### Given data
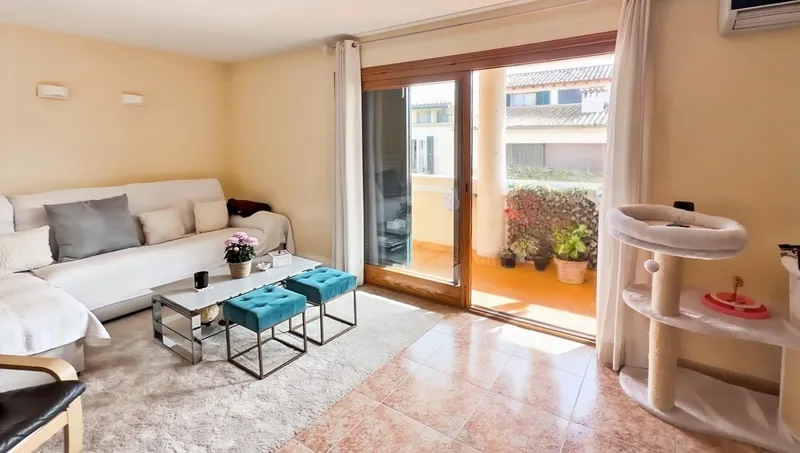 Spectacular spacious and bright apartment with mountain views — photo 2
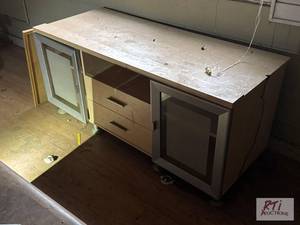 lot 734 image: TV stand, 53in long x 22in wide. (L...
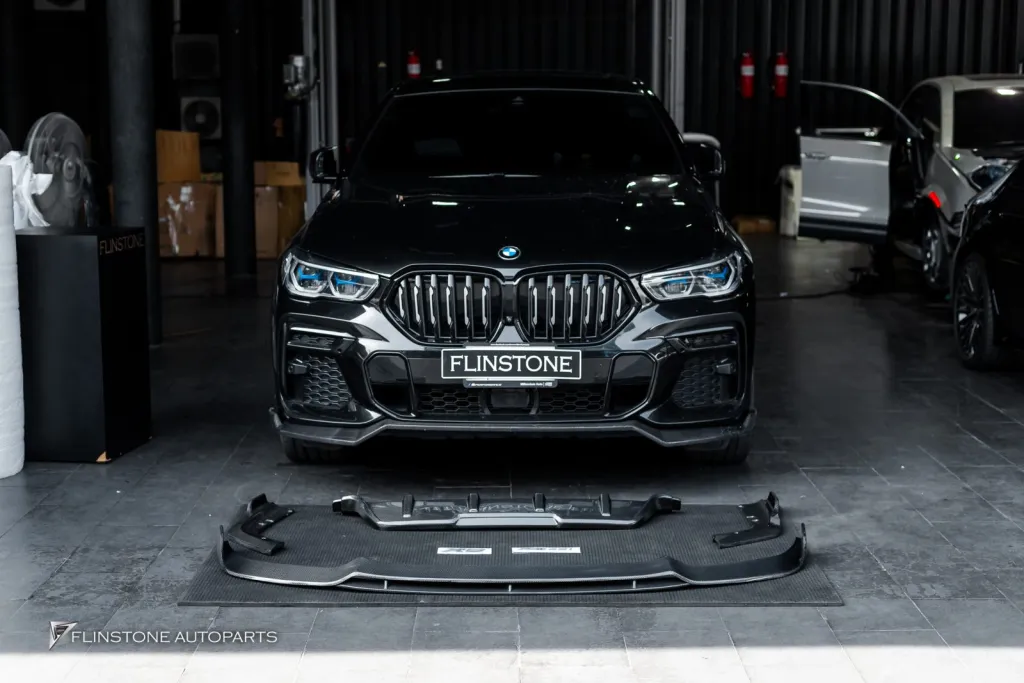 BMW X6 คาร์บอน โลโก้ดำ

### Work required
If the data includes images, skip them and copy every line exactly.

### Written solution
 Spectacular spacious and bright apartment with mountain views — photo 2
 lot 734 image: TV stand, 53in long x 22in wide. (L...
 BMW X6 คาร์บอน โลโก้ดำ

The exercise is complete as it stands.